Recorded data Start Marker
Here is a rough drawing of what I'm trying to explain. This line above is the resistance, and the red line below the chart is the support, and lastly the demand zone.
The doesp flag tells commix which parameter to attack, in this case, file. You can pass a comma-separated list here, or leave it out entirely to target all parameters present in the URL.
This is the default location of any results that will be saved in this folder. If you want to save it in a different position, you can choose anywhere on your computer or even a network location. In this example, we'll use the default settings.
Recorded data End Marker
Recorded data Start Marker
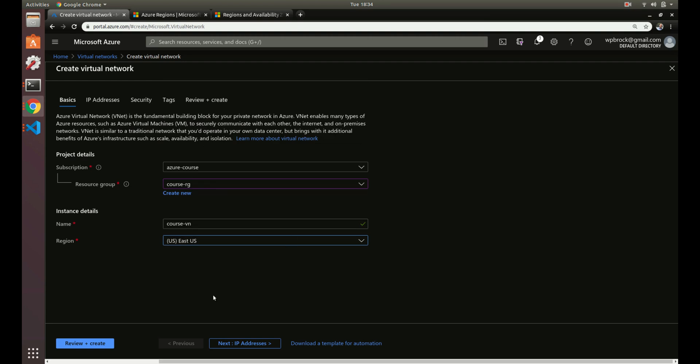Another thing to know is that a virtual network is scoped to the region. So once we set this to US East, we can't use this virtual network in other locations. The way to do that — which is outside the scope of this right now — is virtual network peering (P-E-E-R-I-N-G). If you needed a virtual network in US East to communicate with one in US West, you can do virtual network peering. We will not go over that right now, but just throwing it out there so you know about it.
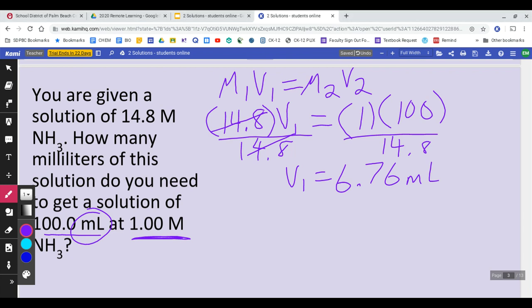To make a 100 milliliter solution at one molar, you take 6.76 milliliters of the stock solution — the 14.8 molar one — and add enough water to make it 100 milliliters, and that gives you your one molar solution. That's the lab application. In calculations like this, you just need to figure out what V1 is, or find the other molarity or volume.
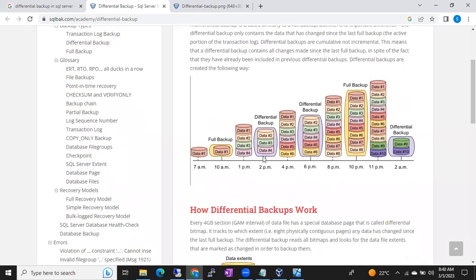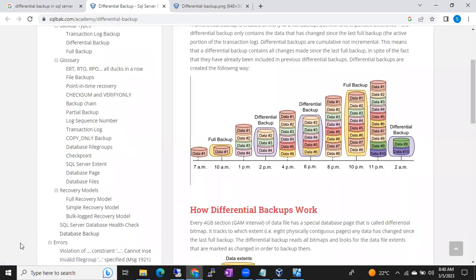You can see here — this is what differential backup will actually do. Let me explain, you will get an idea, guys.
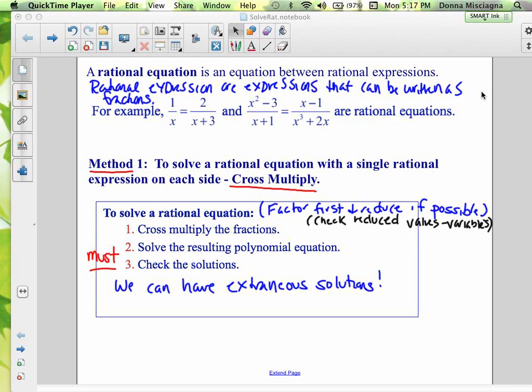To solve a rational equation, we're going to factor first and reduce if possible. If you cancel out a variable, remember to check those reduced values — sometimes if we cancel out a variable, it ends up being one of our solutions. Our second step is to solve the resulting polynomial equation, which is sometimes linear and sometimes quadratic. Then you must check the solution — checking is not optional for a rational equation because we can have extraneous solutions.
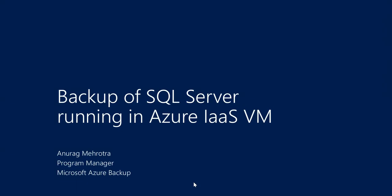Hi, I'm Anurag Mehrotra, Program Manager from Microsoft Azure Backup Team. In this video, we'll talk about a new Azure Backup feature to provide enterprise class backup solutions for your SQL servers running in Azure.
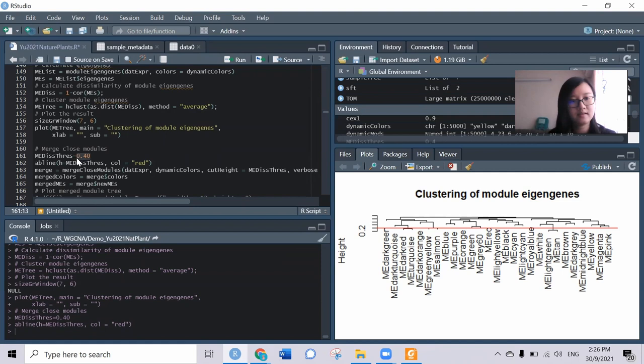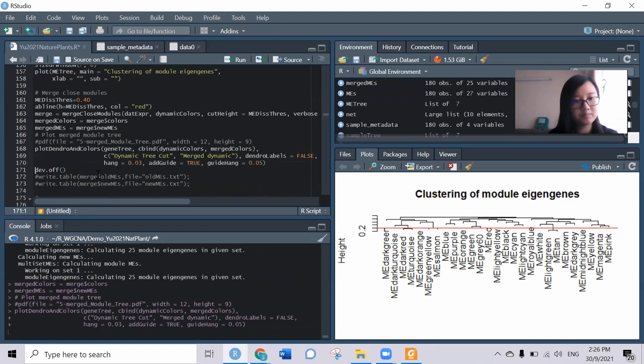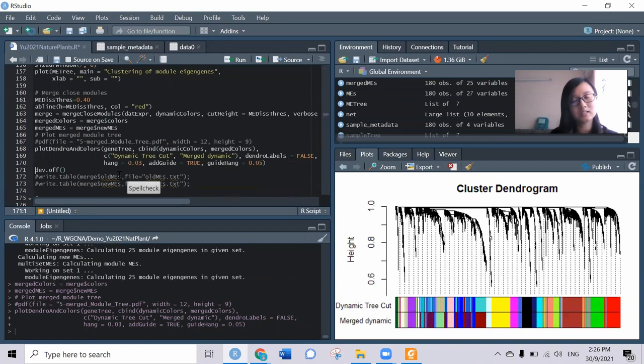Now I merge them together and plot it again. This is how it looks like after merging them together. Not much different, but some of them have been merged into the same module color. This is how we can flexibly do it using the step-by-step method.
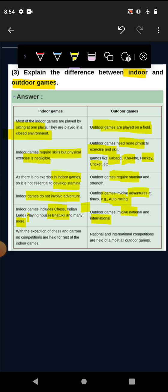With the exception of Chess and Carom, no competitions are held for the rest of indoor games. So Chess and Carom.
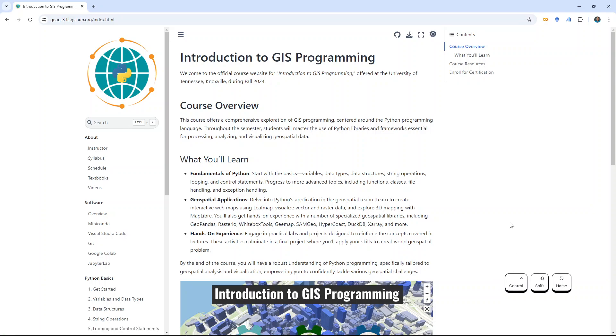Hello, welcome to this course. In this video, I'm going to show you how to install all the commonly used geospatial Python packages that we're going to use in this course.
Recorded data End Marker
Recorded data Start Marker
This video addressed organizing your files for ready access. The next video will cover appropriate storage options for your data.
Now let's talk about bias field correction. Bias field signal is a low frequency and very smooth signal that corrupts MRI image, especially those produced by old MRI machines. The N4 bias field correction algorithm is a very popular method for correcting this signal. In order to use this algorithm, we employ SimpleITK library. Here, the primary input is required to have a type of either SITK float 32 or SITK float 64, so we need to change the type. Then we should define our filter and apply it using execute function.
Recorded data End Marker
__Exercise aim__:
The material above holds pictures; leave them out and set down exactly the lines from the line with "You can see" to the line with "Hello, welcome to", both included.

__Solution__:
You can see here — this is what differential backup will actually do. Let me explain, you will get an idea, guys.
To solve a rational equation, we're going to factor first and reduce if possible. If you cancel out a variable, remember to check those reduced values — sometimes if we cancel out a variable, it ends up being one of our solutions. Our second step is to solve the resulting polynomial equation, which is sometimes linear and sometimes quadratic. Then you must check the solution — checking is not optional for a rational equation because we can have extraneous solutions.
Hi, I'm Anurag Mehrotra, Program Manager from Microsoft Azure Backup Team. In this video, we'll talk about a new Azure Backup feature to provide enterprise class backup solutions for your SQL servers running in Azure.
Now I merge them together and plot it again. This is how it looks like after merging them together. Not much different, but some of them have been merged into the same module color. This is how we can flexibly do it using the step-by-step method.
With the exception of Chess and Carom, no competitions are held for the rest of indoor games. So Chess and Carom.
Hello, welcome to this course. In this video, I'm going to show you how to install all the commonly used geospatial Python packages that we're going to use in this course.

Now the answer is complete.